Jackson's mouth quick as legs Team's receptions leader says he gets a boost from baiting opponents

Ravens notebook

September 12, 1997|By Mike Preston | Mike Preston,SUN STAFF

Wide receiver Michael Jackson is not only the team's leader in receptions, but also one of the team's best trash talkers.

Jackson is off to a fast start after two games with 14 receptions for 228 yards, one touchdown and some great one-liners.

After catching eight passes for 143 yards, including a 54-yard touchdown against the Jacksonville Jaguars' Dave Thomas, Jackson told Thomas: "The way I'm killing you, they ought to cut you after this game."

He has been known to tell opposing cornerbacks which route he plans to run.

His most famous prediction may have been in Jacksonville last year, when a fan heckled him and he told the fan in which corner of the end zone he was going to catch the ball for a touchdown. He also promised to throw the ball at the fan when it happened.

It all transpired, and Jackson was fined by the league.

"I didn't throw it at him as hard as I wanted to, because I was concerned about hitting a fan close to him. I let up on it," said Jackson.

Jackson said trash talking seems to be more of a natural thing between defensive backs and receivers than with any other positions on the field.

"I really don't start the mess talking until I'm coming out of the tunnel to play," said Jackson. "Wherever I can get an edge, I'm going to get one just as long as I'm confident in our game plan.

"I think it enhances my ability to make big plays. You're either going to back it up or be a big failure. Some receivers won't talk because they're more concerned about not making a mistake, but I'm confident that I have done my homework during the week.

"Sometimes I'll tell a defensive back what route I'm going to run, and I'll run it because he won't believe it. Then when I make the catch, I throw the football up in the air and say, 'Told you.'

"Or if a guy comes up to play me bump-and-run, I'll say, 'The last time you did that, I beat you badly on so-and-so route.' And when I beat them, I'll say, 'I told you not to play that.' Once you beat them a couple of times, they stop talking back."

When Jackson isn't talking, that's when his teammates get concerned. But that doesn't happen often.

"He's always talking to some cornerback," said tight end Eric Green.

Practice is all wet

The team had a tough time practicing in the wet conditions yesterday.
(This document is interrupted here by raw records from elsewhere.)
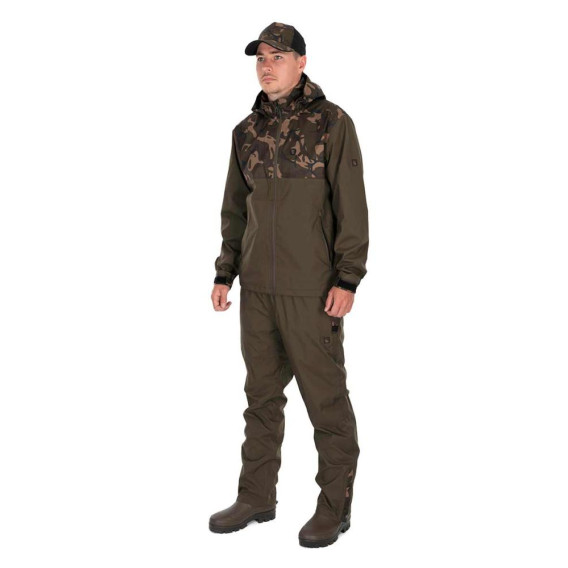 FOX Camo/Khaki RS 10K Trousers - nepremokavé nohavice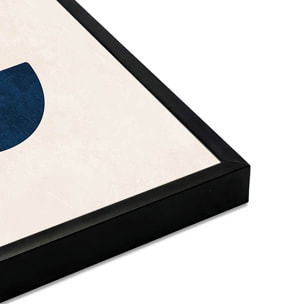 Affiche encadrée formes géométriques bleues Affiche + cadre en métal - Noir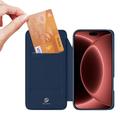 iPhone 18 Pro Dux Ducis Skin Pro Flip Cover - Blå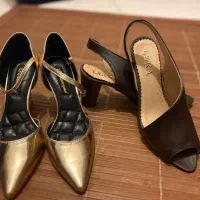 کفش چرم لکا قهوه ای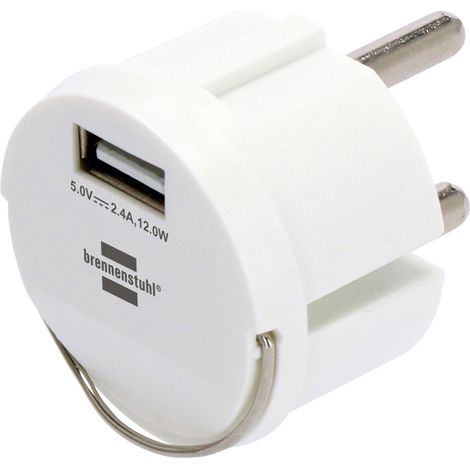 Brennenstuhl  USB Ladegerät 12 W 1x USB-A  Weiß Innenbereich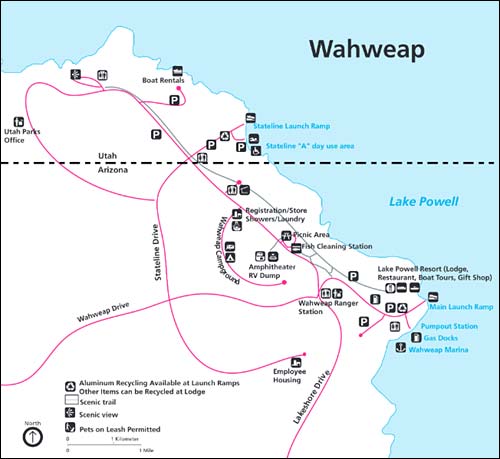 Map Layout of Wahweap Marina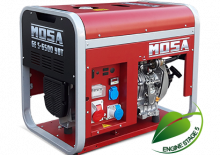 Generatori diesel Mosa GE 6500 DES/GS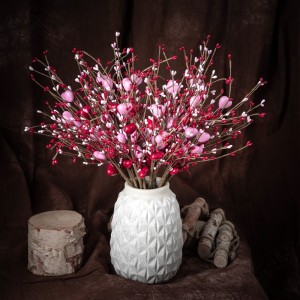 CL02001 Meilės uogų šakelės PE dirbtinių gėlių dekoravimas „pasidaryk pats“ namų vakarėliui, vestuvių dekoravimas Valentino dienos renginiui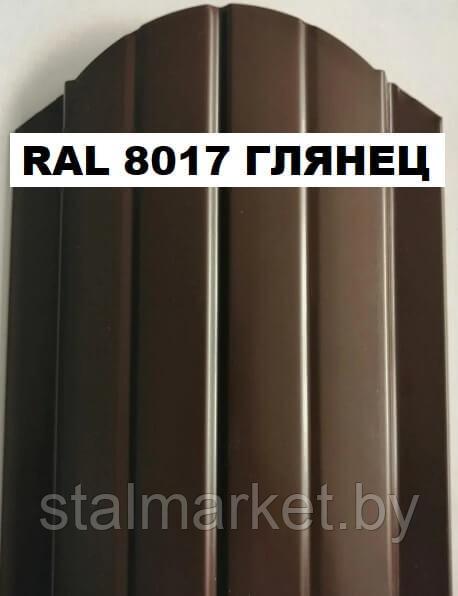 Металлический штакетник 8017 RAL глянец 110 мм односторонний - фото 1 - id-p180099963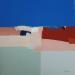 Peinture Impression 2 par Hirson Sandrine  | Tableau Abstrait Paysages Minimaliste Huile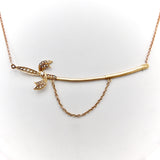 Victorian Jabot Pin Sword Necklace with Seed Pearls & Diamond Necklaces, Pendants Kirsten's Corner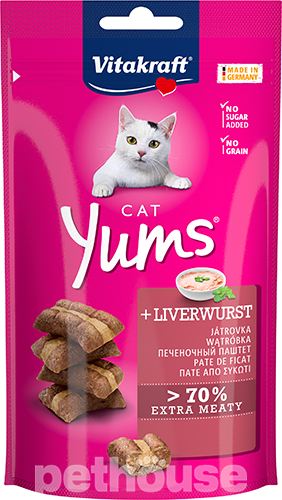 Vitakraft Cat Yums с ливерной колбасой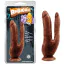 Подвійний фалоімітатор Rubicon Dark Magic Dual Penis 7.7, коричневий - Фото №2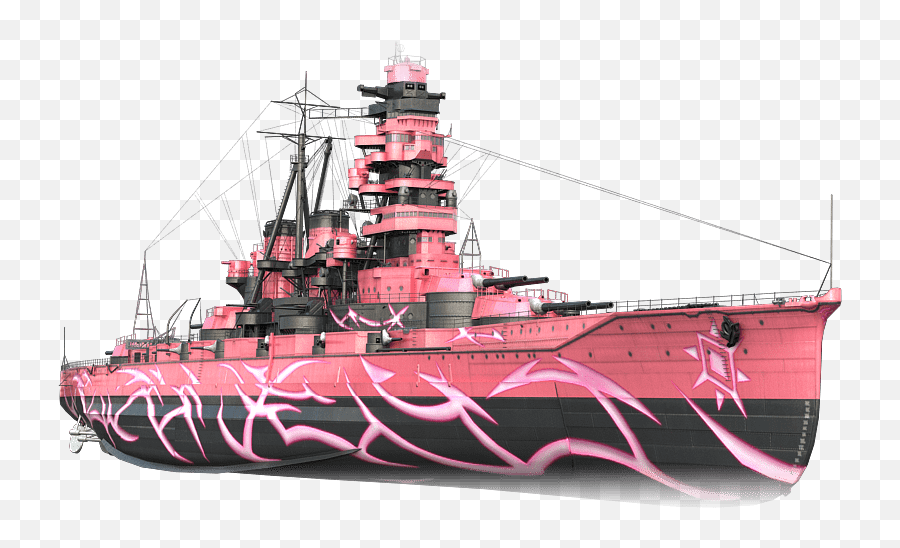 Arp Hiei - Wows Arp Hiei Png,World Of Warships Pink Ship Icon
Starting defensive end Rob Burnett walked gingerly off the field about an hour into practice after hurting the same knee he had surgery on last year. The injury apparently was not serious, but he will be re-examined today by team doctors.

Jackson also sustained a slight hand injury while trying to catch a pass from quarterback Vinny Testaverde. Cornerbacks Antonio Langham and Dorian Brew had mild ankle injuries. All three finished practice.

Slot receiver Jermaine Lewis (knee) practiced with the team, but is still not at full speed, even though he is expected to play Sunday. Center Quentin Neujahr (ankle) and safety Stevon Moore (knee) did not practice, but Moore is expected to play. A decision on Neujahr will probably be made at game time.

Williams working in pads

Center Wally Williams, a starter before he ruptured an Achilles' tendon in April, is participating in limited workouts wearing shoulder pads and a helmet.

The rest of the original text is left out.